_RECORDS_:
-=-=-=-=-

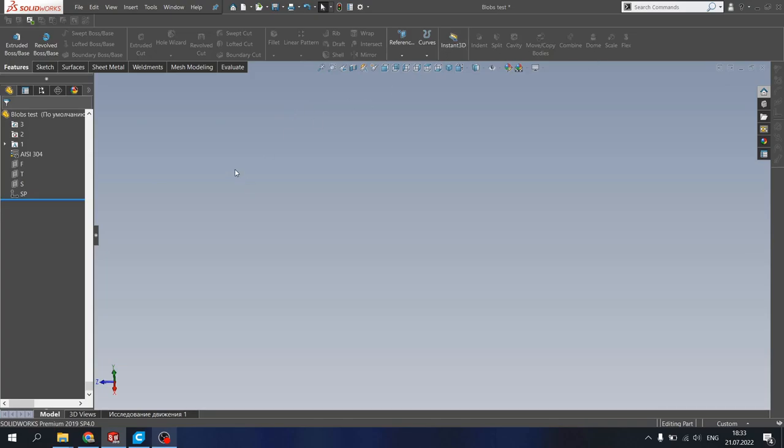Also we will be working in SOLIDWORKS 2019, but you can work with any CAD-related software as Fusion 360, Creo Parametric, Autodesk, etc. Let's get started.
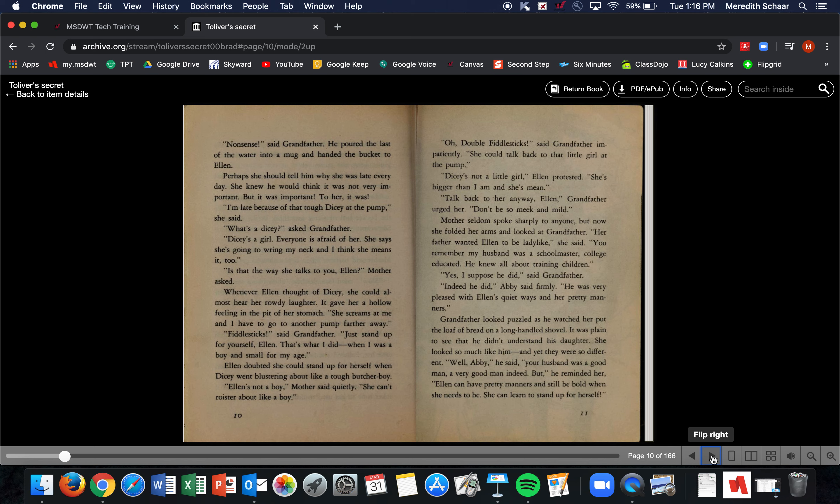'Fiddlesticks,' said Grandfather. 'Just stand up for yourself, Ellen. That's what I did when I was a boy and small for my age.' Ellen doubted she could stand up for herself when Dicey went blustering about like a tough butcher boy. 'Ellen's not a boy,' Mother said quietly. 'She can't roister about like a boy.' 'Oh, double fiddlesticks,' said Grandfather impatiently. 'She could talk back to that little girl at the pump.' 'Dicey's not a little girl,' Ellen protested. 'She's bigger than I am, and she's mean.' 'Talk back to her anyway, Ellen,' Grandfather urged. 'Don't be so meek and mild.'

-=-=-=-=-

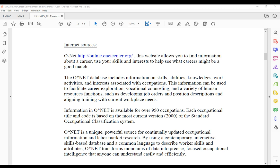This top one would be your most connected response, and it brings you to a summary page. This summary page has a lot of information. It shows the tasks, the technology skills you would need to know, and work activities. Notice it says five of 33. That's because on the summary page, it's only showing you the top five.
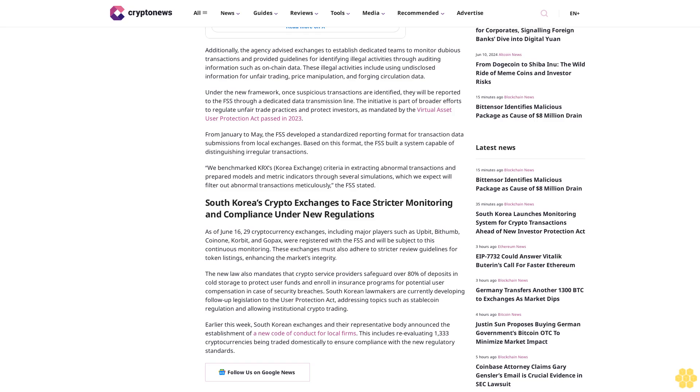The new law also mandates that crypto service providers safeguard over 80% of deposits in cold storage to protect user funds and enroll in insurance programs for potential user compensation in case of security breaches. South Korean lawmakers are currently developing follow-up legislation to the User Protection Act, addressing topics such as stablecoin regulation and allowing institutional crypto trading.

-=-=-=-=-

_PROBLEM DESCRIPTION_: In the records above, everything from the line with "Also we will" down to the line with "meek and mild.'" is to be set down exactly, both ends included, with no pictures and no other lines.

_RESPONSE TO THIS EXERCISE_:
Also we will be working in SOLIDWORKS 2019, but you can work with any CAD-related software as Fusion 360, Creo Parametric, Autodesk, etc. Let's get started.
'Fiddlesticks,' said Grandfather. 'Just stand up for yourself, Ellen. That's what I did when I was a boy and small for my age.' Ellen doubted she could stand up for herself when Dicey went blustering about like a tough butcher boy. 'Ellen's not a boy,' Mother said quietly. 'She can't roister about like a boy.' 'Oh, double fiddlesticks,' said Grandfather impatiently. 'She could talk back to that little girl at the pump.' 'Dicey's not a little girl,' Ellen protested. 'She's bigger than I am, and she's mean.' 'Talk back to her anyway, Ellen,' Grandfather urged. 'Don't be so meek and mild.'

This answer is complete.